Reputation: 465
I am trying to extract the most recent headlines from the following news site: http://news.sina.com.cn/hotnews/
#save ids of relevant buttons that need to be clicked on the site
buttons_ids = ['Tab21' , 'Tab22', 'Tab32']
#save ids of relevant subsections
con_ids = ['Con11']
#start webdriver, go to site, hover over buttons
driver = webdriver.Chrome()
driver.get("http://news.sina.com.cn/hotnews/")
time.sleep(3)
for button_id in buttons_ids:
button = driver.find_element_by_id(button_id)
ActionChains(driver).move_to_element(button).perform()
Then I iterate through each section that I am interested in and within each section through all the headlines which are rows in an HTML table. However, on every iteration, it returns the first element
for con_id in con_ids:
for news_id in range(2,10):
print(news_id)
headline = driver.find_element_by_xpath("//div[@id='"+con_id+"']/table/tbody/tr["+str(news_id)+"]")
text = headline.find_element_by_xpath("//td[2]/a")
print(text.get_attribute("innerText"))
print(text.get_attribute("href"))
com_no = comment.find_element_by_xpath("//td[3]/a")
print(com_no.get_attribute("innerText"))
I also tried the following approach by essentially saving the table as a list and then iterating through the rows:
for con_id in con_ids:
table = driver.find_elements_by_xpath("//div[@id='"+con_id+"']/table/tbody/tr")
for headline in table:
text = headline.find_element_by_xpath("//td[2]/a")
print(text.get_attribute("innerText"))
print(text.get_attribute("href"))
com_no = comment.find_element_by_xpath("//td[3]/a")
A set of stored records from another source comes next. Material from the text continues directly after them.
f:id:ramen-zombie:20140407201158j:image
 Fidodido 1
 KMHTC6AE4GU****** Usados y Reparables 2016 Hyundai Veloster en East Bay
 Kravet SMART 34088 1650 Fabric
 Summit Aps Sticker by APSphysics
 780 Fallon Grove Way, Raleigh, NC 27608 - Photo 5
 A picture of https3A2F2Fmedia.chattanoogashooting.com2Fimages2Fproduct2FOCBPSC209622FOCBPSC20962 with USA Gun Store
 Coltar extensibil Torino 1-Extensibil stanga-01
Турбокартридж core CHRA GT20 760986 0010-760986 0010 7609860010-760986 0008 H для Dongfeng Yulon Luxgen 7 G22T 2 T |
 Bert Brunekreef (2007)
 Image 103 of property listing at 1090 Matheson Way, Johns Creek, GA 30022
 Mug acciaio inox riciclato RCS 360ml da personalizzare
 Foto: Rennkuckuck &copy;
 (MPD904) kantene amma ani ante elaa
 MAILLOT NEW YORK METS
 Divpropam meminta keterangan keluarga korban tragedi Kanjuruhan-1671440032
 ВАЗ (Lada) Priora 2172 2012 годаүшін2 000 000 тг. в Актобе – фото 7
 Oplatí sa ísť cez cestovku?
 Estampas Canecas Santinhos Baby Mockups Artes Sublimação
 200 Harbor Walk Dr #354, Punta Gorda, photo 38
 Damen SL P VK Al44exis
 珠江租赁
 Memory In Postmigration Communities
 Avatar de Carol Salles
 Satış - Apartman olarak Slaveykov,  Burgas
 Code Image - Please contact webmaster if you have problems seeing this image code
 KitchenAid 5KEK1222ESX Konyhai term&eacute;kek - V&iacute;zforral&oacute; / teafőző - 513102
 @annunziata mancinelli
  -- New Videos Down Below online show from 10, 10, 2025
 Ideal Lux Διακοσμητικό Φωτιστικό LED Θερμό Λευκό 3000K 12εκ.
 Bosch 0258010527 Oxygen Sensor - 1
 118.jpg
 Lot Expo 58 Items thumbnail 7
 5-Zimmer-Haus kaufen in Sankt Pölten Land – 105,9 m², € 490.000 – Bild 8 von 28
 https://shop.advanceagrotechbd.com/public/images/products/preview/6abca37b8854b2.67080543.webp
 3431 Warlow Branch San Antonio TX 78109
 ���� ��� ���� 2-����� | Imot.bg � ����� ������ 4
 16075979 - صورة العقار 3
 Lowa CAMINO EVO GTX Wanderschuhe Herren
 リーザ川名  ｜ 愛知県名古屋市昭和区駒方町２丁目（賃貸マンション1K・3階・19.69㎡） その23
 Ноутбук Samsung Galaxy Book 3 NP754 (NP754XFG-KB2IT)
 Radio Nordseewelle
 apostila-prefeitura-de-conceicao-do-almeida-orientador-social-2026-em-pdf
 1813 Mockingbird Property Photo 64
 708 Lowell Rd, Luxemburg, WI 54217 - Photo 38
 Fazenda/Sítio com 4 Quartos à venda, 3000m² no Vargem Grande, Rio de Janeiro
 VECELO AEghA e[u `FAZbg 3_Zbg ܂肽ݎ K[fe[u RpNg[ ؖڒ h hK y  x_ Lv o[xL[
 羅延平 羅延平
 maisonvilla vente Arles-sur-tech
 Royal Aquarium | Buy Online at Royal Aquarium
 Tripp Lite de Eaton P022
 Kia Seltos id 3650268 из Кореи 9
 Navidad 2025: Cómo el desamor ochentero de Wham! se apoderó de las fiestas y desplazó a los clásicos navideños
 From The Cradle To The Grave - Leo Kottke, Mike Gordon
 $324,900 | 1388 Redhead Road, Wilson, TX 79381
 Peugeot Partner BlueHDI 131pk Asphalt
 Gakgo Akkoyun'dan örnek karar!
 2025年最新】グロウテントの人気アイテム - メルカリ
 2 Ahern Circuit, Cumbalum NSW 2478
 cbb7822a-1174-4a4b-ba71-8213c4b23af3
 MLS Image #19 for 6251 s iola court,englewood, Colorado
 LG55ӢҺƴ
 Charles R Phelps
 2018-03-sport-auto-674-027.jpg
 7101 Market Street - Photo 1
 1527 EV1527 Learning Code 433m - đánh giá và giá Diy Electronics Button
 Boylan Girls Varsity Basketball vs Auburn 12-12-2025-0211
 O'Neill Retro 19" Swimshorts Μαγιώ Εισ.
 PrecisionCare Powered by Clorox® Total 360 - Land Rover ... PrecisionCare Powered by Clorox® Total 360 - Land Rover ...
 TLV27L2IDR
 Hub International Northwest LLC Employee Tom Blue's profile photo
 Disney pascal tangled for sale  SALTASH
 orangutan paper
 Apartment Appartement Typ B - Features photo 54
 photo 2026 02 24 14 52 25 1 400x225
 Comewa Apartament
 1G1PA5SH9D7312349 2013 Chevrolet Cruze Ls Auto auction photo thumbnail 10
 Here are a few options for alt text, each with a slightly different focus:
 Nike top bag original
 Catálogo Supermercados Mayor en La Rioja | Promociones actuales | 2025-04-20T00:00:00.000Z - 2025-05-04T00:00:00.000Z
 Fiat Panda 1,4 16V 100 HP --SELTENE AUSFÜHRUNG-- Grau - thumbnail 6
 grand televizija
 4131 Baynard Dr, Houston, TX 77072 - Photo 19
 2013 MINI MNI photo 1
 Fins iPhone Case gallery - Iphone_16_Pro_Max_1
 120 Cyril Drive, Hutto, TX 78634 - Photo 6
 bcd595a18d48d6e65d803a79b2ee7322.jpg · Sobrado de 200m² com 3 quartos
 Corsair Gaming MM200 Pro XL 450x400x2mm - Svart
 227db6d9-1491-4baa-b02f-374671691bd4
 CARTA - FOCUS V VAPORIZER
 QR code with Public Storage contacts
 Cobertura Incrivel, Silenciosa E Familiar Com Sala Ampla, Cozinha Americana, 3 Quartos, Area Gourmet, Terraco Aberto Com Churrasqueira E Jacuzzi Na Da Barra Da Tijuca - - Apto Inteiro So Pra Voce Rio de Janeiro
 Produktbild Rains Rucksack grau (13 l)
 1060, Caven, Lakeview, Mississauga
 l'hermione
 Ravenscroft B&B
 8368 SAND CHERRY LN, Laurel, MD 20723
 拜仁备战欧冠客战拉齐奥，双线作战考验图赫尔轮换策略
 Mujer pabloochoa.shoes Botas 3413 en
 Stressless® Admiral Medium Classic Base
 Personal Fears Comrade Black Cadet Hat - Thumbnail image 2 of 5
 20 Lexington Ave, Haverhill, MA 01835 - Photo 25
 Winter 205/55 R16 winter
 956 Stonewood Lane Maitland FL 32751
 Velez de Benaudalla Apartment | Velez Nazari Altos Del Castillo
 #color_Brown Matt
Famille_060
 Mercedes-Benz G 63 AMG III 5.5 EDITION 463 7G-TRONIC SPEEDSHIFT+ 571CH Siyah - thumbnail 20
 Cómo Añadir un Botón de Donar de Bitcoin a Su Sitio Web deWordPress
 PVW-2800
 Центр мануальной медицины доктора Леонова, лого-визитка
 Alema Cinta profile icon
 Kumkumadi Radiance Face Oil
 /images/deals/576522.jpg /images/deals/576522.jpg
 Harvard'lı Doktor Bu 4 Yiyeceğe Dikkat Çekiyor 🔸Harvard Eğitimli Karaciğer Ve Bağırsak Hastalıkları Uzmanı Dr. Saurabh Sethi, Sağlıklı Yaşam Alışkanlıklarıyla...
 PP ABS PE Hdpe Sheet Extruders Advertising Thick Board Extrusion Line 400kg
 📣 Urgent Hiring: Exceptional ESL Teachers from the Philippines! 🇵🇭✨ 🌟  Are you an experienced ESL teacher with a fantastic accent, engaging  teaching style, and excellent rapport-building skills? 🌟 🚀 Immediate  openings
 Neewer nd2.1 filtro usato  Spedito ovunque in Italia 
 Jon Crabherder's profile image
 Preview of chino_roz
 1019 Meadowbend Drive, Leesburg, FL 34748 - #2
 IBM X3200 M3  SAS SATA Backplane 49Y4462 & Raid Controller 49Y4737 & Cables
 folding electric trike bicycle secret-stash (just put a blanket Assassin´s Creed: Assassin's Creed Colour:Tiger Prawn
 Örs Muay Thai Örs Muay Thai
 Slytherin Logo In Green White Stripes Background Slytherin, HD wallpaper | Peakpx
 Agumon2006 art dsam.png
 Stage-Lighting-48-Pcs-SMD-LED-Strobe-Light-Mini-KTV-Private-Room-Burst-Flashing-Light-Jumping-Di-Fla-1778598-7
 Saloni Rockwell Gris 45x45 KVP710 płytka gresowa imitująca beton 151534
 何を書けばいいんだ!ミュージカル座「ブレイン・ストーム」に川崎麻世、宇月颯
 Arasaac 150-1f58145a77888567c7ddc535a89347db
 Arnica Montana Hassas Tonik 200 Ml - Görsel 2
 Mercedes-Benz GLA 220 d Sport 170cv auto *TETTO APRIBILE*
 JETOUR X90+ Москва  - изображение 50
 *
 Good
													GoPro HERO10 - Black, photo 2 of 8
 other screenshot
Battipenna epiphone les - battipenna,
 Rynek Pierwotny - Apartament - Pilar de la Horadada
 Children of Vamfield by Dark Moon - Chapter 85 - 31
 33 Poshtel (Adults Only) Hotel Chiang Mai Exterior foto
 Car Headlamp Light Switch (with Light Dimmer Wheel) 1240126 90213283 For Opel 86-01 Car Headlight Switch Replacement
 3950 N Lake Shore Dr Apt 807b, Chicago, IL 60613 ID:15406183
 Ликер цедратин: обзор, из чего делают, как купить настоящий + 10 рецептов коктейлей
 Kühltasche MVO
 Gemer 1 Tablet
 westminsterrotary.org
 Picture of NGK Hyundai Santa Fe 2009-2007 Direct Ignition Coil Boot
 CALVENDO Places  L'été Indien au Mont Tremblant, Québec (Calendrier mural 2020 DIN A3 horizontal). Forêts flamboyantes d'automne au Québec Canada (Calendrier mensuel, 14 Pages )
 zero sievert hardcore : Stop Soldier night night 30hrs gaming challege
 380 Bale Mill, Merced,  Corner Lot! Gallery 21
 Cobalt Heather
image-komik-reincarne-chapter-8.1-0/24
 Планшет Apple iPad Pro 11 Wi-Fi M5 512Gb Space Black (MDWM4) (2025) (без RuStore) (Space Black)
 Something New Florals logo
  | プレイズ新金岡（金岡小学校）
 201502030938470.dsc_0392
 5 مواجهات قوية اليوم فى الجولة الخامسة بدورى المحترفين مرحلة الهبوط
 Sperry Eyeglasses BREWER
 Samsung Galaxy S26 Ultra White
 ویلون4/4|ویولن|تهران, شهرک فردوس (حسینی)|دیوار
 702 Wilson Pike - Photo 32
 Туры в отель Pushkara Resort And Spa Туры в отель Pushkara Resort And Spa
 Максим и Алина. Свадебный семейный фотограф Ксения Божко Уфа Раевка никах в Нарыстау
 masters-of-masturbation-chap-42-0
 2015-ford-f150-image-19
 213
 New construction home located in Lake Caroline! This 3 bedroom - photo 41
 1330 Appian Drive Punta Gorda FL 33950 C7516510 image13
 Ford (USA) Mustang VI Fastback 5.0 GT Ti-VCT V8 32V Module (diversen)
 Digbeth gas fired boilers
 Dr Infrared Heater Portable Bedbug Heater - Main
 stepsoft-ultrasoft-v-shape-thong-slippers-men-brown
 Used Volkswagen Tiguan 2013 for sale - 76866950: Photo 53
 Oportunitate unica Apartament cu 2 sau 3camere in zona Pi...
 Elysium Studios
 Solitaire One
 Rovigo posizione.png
print(com_no.get_attribute("innerText"))
In the second case I get exactly the number of headlines in the section, so it apparently correctly picks up the number of rows. However, it is still only returning the first row on all iterations. Where am I going wrong? I know a similar question has been asked here: Selenium Python iterate over a table of rows it is stopping at the first row but I am still unable to figure out where I am going wrong.
Upvotes: 1
Views: 3337
Reputation: 2267
try this:
for con_id in con_ids:
for news_id in range(2,10):
print(news_id)
print("(//div[@id='"+con_id+"']/table/tbody/tr)["+str(news_id)+"]")
headline = driver.find_element_by_xpath("(//div[@id='"+con_id+"']/table/tbody/tr)["+str(news_id)+"]")
value = headline.find_element_by_xpath(".//td[2]/a")
print(value.get_attribute("innerText").encode('utf-8'))
I am able to get the headlines with above code
Upvotes: 1
Reputation: 5139
In XPath, queries that begin with //
will search relative to the document root; so even though you're calling find_element_by_xpath()
on the correct container element, you're breaking out of that scope, thereby performing the same global search and yielding the same result every time.
To constrain your query to descendants of the current element, begin your query with .//
, e.g.,:
text = headline.find_element_by_xpath(".//td[2]/a")
Upvotes: 3
Reputation: 465
I was able to solve it by specifying the entire XPath in one go like this:
headline = driver.find_element_by_xpath("(//*[@id='"+con_id+"']/table/tbody/tr["+str(news_id)+"]/td[2]/a)")
print(headline.get_attribute("innerText"))
print(headline.get_attribute("href"))
rather than splitting it into two parts. My only explanation for why it only prints the first row repeatedly is that there is some weird Javascript at work that doesn't let you iterate properly when splitting the request. Or my first version had a syntax error, which I am not aware of. If anyone has a better explanation, I'd be glad to hear it!
Upvotes: 0